Fighter pilot with US Army Air Force in Europe. Parachute made into bridal gown for wife-to-be.
Simultaneous pursuit of B.A. at Princeton University and MBA at Harvard University Business School. Decision to work with Rohm and Haas Company. First job in plant accounting supervisors group. Mr. Otto Haas' dominance of Rohm and Haas and designation of successor, F. Otto Haas.
Transfer to France to build first Rohm and Haas plant in Europe. Managing European operations through branch in England. Promotion to directorship of European operations: growth from one to thirty percent of company's business. Market for Rohm and Haas products. Relationship with US management. Competition with other US firms. Joint product development work with Maag Company in Switzerland. Promotion to operations head of Latin America and the Pacific.
Selection as next president and CEO by F. Otto Haas. Decision to downsize company by ten percent and bring in outside directors. Discovery of bis-chloromethyl ether's carcinogenic qualities: overall plant shutdown. Oil crisis and effect on fiber business. Decision to discard ANIM-8. Ralph Nader and TOSCA (Toxic Substance Control Act). Adoption of market share-market growth approach, matrix management system, team management, Return On Net Assets program (RONA), and phased innovation.
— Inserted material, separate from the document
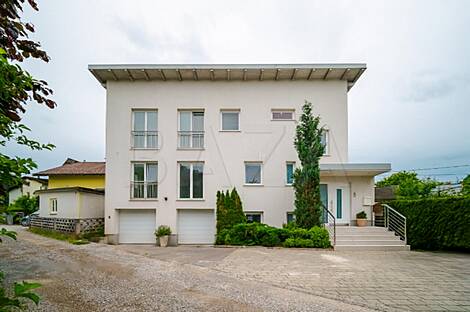 Дом Брод, состоящий из двух этажей: 2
Introduction of president-Chief Operating Officer position. Development of Vacor and Blazer. Product line focus on polymers, plastics, and agricultural chemicals. Partial acquisitions of Borg-Warner and ion exchange from Diamond Shamrock.
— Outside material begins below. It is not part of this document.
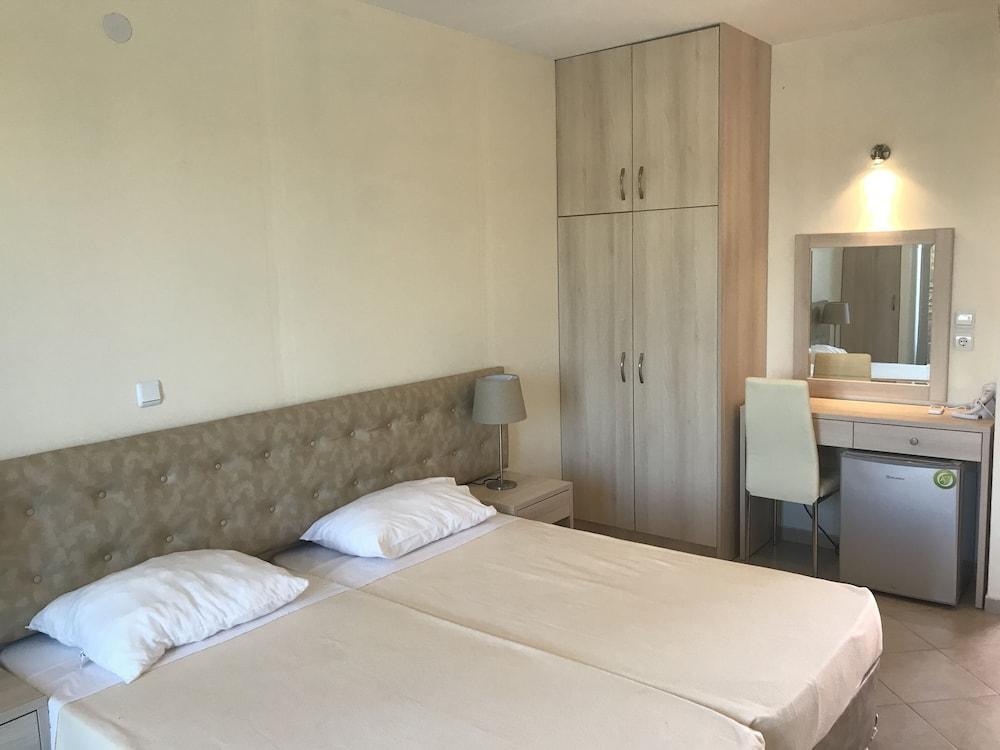 Ai Helis Resort Свороната Екстер'єр фото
CEO's role in developing R&D. Development of teamwork. Enactment of Superfund with Irving S. Shapiro. Public relations development. Relationship with Haas family.
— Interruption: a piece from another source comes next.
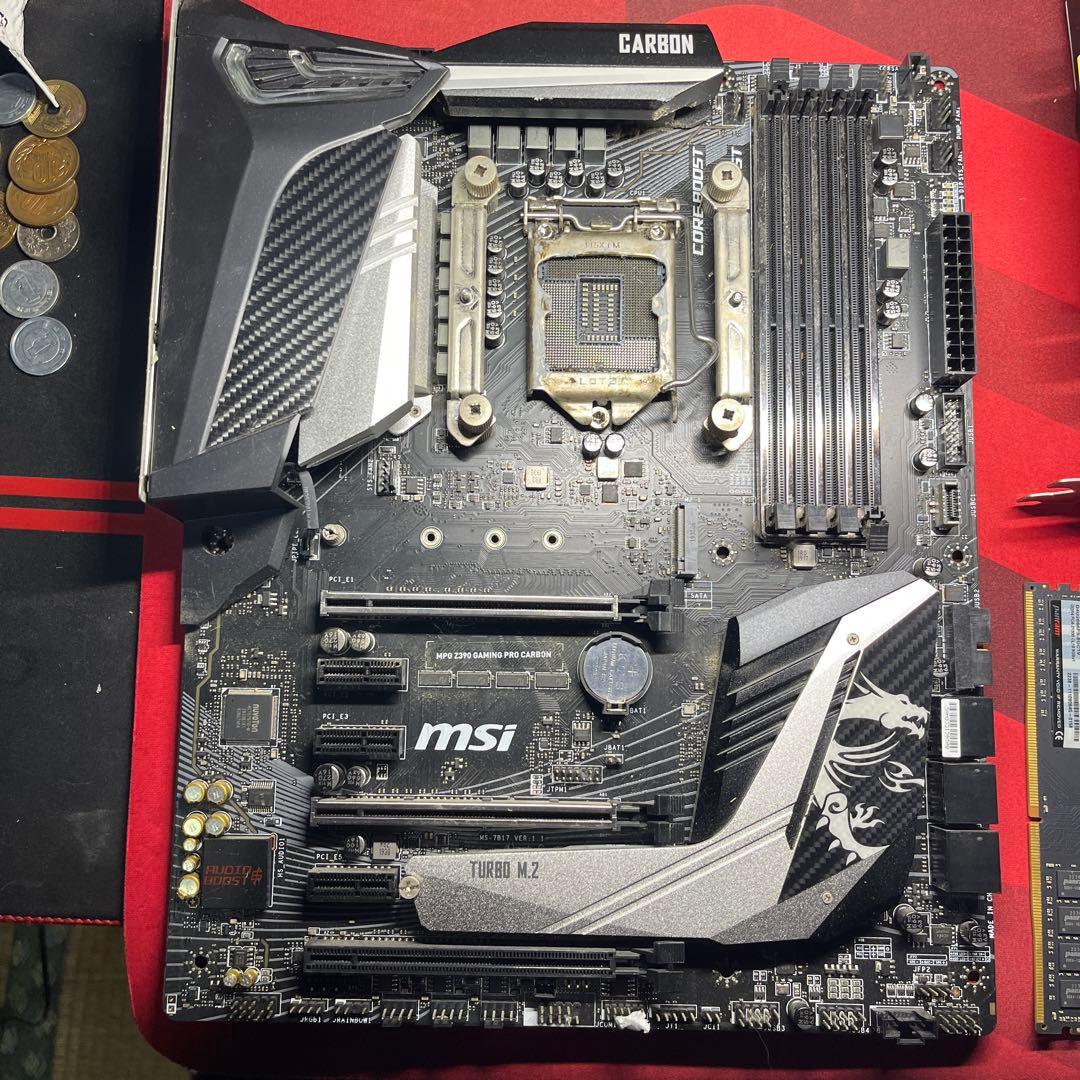・MSI Z390 CARBON マザーボード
Industry trends toward diversification, consolidation, and MBA leadership of chemical companies. Future of innovation in chemical industry. Significance of winning Chemical Industry Award. Involvement with Chemical Industry Institute of Toxicology (CIIT) and Center for Cancer Prevention at Harvard University.
About the Interviewer
James J. Bohning was professor emeritus of chemistry at Wilkes University, where he had been a faculty member from 1959 to 1990. He served there as chemistry department chair from 1970 to 1986 and environmental science department chair from 1987 to 1990. Bohning was chair of the American Chemical Society’s Division of the History of Chemistry in 1986; he received the division’s Outstanding Paper Award in 1989 and presented more than forty papers at national meetings of the society. Bohning was on the advisory committee of the society’s National Historic Chemical Landmarks Program from its inception in 1992 through 2001 and is currently a consultant to the committee. He developed the oral history program of the Chemical Heritage Foundation, and he was CHF’s director of oral history from 1990 to 1995. From 1995 to 1998, Bohning was a science writer for the News Service group of the American Chemical Society. In May 2005, he received the Joseph Priestley Service Award from the Susquehanna Valley Section of the American Chemical Society. Bohning passed away in September 2011.